*Your objective:*
Only one stretch of the data is wanted: the line containing "TCB東京中央美容外科の切らない鼻尖形成（3D鼻尖形成）の症例", the line containing "Nam thanh niên", and every line between them, copied exactly.

*Supplied records:*
****************************************

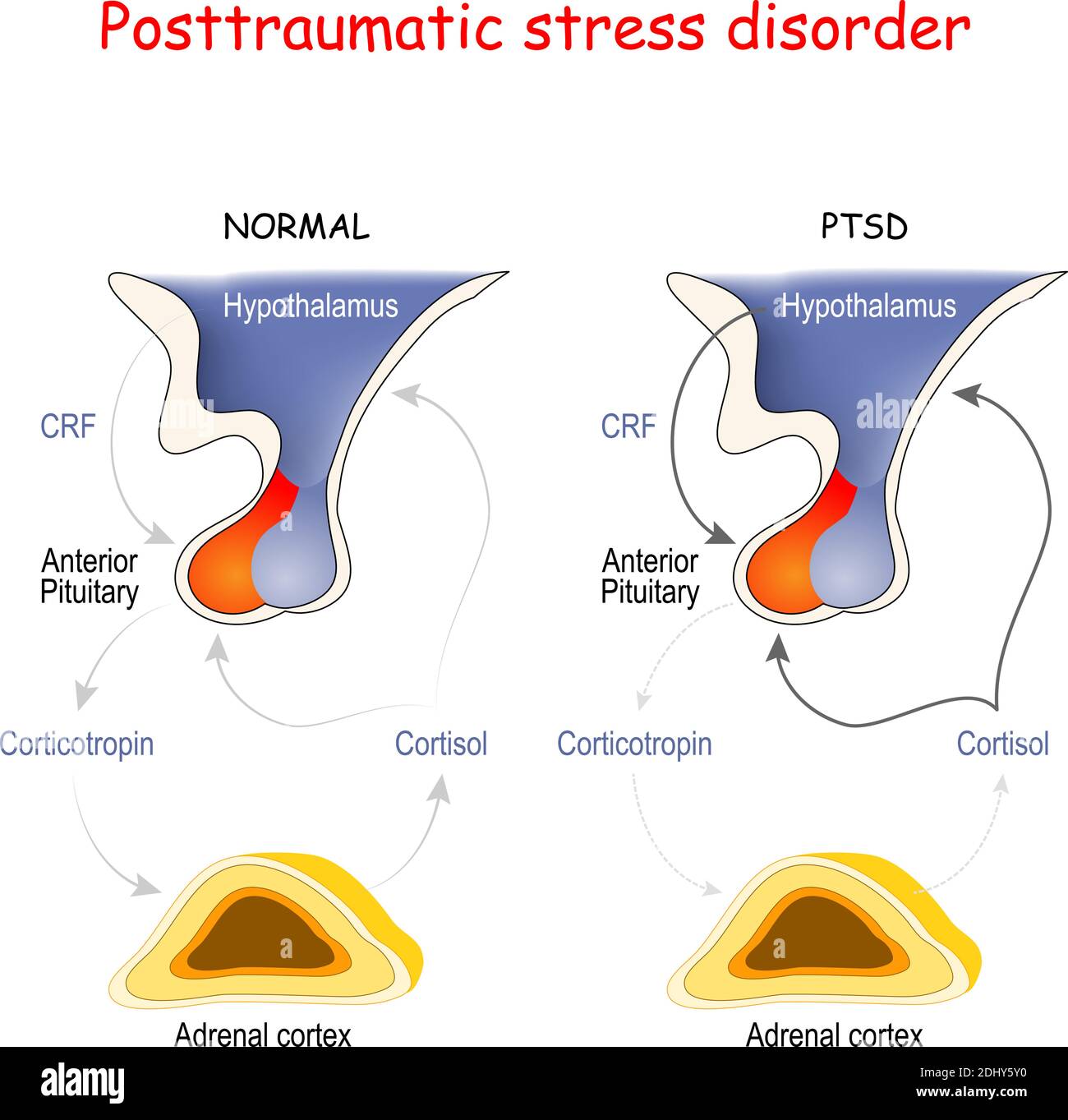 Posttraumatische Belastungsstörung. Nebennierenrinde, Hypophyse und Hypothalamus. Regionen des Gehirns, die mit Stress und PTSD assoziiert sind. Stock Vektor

****************************************

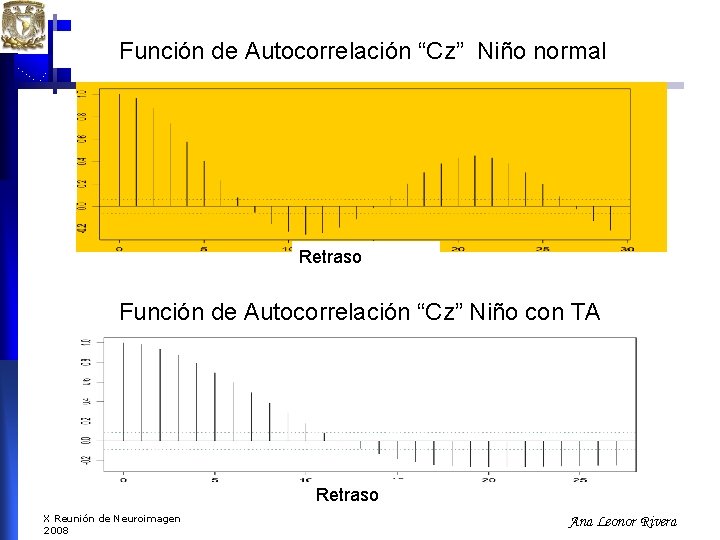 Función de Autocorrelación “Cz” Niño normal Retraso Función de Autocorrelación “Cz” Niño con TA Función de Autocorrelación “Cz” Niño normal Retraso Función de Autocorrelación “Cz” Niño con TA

****************************************

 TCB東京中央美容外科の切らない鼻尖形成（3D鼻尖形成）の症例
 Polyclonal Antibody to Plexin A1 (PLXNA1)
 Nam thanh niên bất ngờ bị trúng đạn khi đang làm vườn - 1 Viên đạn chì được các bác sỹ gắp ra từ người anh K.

****************************************

*Reply to the exercise:*
 TCB東京中央美容外科の切らない鼻尖形成（3D鼻尖形成）の症例
 Polyclonal Antibody to Plexin A1 (PLXNA1)
 Nam thanh niên bất ngờ bị trúng đạn khi đang làm vườn - 1 Viên đạn chì được các bác sỹ gắp ra từ người anh K.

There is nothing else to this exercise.